Nauert added the US would "intensify dialogue with the United Nations, host governments, and international stakeholders about new models and new approaches" to help alleviate any impact on Palestinian children.

"We are very mindful of and deeply concerned regarding the impact upon innocent Palestinians, especially school children, of the failure of UNRWA and key members of the regional and international donor community to reform and reset the UNRWA way of doing business," she said. 

UNRWA says it provides services to about 5 million Palestinian refugees in Jordan, Lebanon, Syria and the West Bank and Gaza.

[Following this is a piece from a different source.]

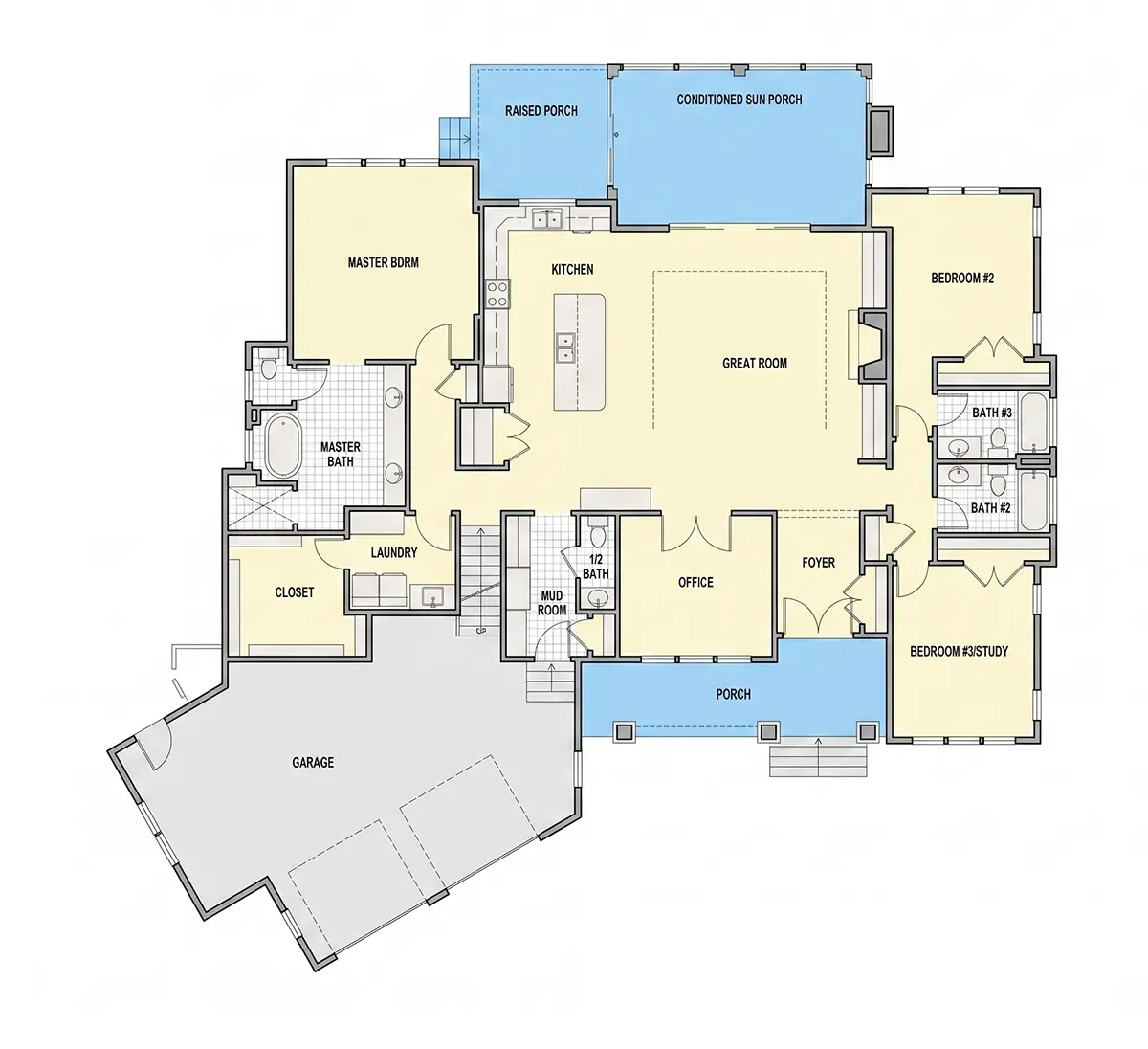 Parter 22 – Proiect de casa cu etaj 331 m²: 4 Dormitoare, Birou, 7 Bai, Bucatarie deschisa, Garaj — 27439R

Most are descendants of people who fled Palestine in the 1948 war that led to the creation of the state of Israel.

US President Donald Trump and his aides say they want to improve the Palestinians' plight, as well as start negotiations on an Israeli-Palestinian peace agreement.

But under Trump, Washington has taken a number of actions that have alienated the Palestinians, including the recognition of Jerusalem as Israel’s capital. That move - a reversal of longtime US policy - led Palestinian leadership to boycott Washington's peace efforts.

The United States paid out $60 million to UNRWA in January but withheld another $65 million pending a review.

"Such a punishment will not succeed to change the fact that the United States no longer has a role in the region and that it is not a part of the solution," Abbas spokesman Nabil Abu Rdainah told Reuters.

He said "neither the United States nor else will be able to dissolve” UNRWA.

In Gaza, the group Hamas also condemned the US move as a "grave escalation against the Palestinian people."

"The American decision aims to wipe out the right of return and is a grave US escalation against the Palestinian people," said Hamas spokesman Sami Abu Zuhri.

Abu Zuhri said the "US leadership has become an enemy of our people and of our nation and we will not surrender before such unjust decisions."

Earlier on Friday, German Foreign Minister Heiko Maas said Germany would increase its contributions to UNRWA because the funding crisis was fueling uncertainty. 

"The loss of this organization could unleash an uncontrollable chain reaction," Maas said.

UNRWA has faced a cash crisis since the United States, long its biggest donor, slashed funding earlier this year, saying the agency needed to make unspecified reforms and calling on the Palestinians to renew peace talks with Israel.

The last peace talks collapsed in 2014, partly because of Israel's opposition to an attempted unity pact between the Fatah and Hamas Palestinian factions and to Israeli settlement building on occupied land that Palestinians seek for a state, among other factors.